Though Piedmont Avenue's J's Hamburgers & Such isn't your quintessential greasy spoon, and its food doesn't rival Dean's, the restaurant does manage to seamlessly incorporate Mexican cuisine into the diner breakfast. "I can't believe I'm taking you to J's," my friend Eric kept saying on the way, even though one recent lubricated evening he had raved nonstop about its breakfasts. In soberer moments, he confessed he couldn't picture a restaurant critic eating at J's.

I thought I was dressed appropriately. J's is located in an old Key line station, a deco checkerboard of blue and gray tiles with a clock tower. The funky hodgepodge decor attracts longtime Piedmontians and indie-rock hipsters. Inside, dark wood paneling sets the tone, and the burgundy carpet clashes with octagonal gold rec room lamps reading "J's Hamburgers & Such" in Old West letters.
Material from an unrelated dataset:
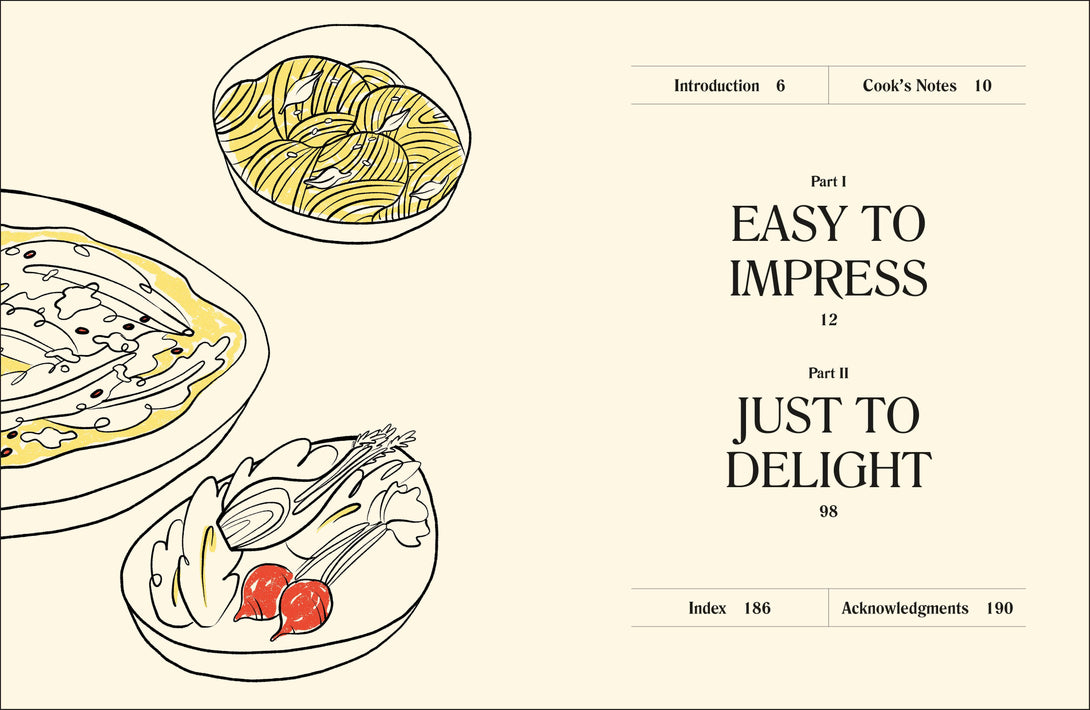 Book cover with illustrations of food and text on a beige background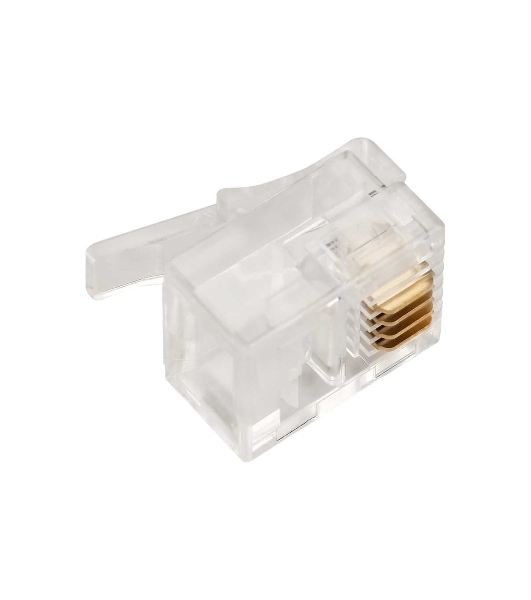 Коннектор LANMASTER TWT-PL12-6P4C/JR100, UTP кат.3 RJ12, прозрачный (упак.: 100 шт)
Pictures of the old Key line trains decorate the walls, and on some Saturday mornings the television set in back shows cartoons.

Four of us crowded around a table printed with advertisements from the turn of the century (I remember them from '70s-era Wendy's restaurants). J's has no waiters, so while we waited for our number to be called, we sipped diner coffee, thin and bitter but not burnt, from brown ceramic mugs. We then picked up our food, table settings, bowls of salsa, and pickled jalapeños at the counter.

J's serves hamburgers and tacos until the early evening, but we had come for breakfast. They may not offer eggs Benedict, but they do griddle up chilaquiles, a mass of crispy fried tortilla strips sautéed with scrambled eggs and then covered with a loose, mild tomato sauce containing onions and red and green peppers. The tortillas kept most of their crunchiness as we ate, contrasting nicely with the eggs and stewed vegetables. The same tomato-onion-pepper sauce had been drizzled across bland huevos rancheros, two fried eggs laid across a half-stack of corn tortillas. Both came with packets of tortillas wrapped in aluminum foil, Mexican rice, and a puddle of refried beans speckled with melted cheese. The two dishes improved with a pinch of salt and a spoonful of piquant red salsa.

Actually, the red and green salsas, both hot, improved everything they coated. They had more gumption than anything else on our plates. Like your saucy Aunt Margaret, who'd show up at family reunions wearing cherry red lipstick and vodka on her breath, they only pointed out how drab the rest of the party was. Our guide had figured this out long ago. He dumped spoonful after spoonful of salsa on top of his farmer's breakfast -- scrambled eggs, toast, bacon, and hash browns -- with a big side of refried beans.

At the counter, I observed one cook using a spatula to spread beaten eggs on the griddle into eighteen-inch rounds as thin as crepes. He then folded and neatly wrapped the omelet around its fillings before the eggs could get brown around the edges. Tucked inside ours were chunks of flavorful but dry linguiça, fried until all the grease had melted away. The hash browns that accompanied it had crispy edges but slightly underdone centers.

We're living in an age when brunch has come to mean mimosas, smoked salmon hash, and roasted root vegetable medleys. Even IHOP and Denny's are adding "gourmet" touches to keep up. Not J's and Dean's. Since the mid-'50s, both have stayed true to their vision, serving real American breakfasts to real American diners. Mangia bene!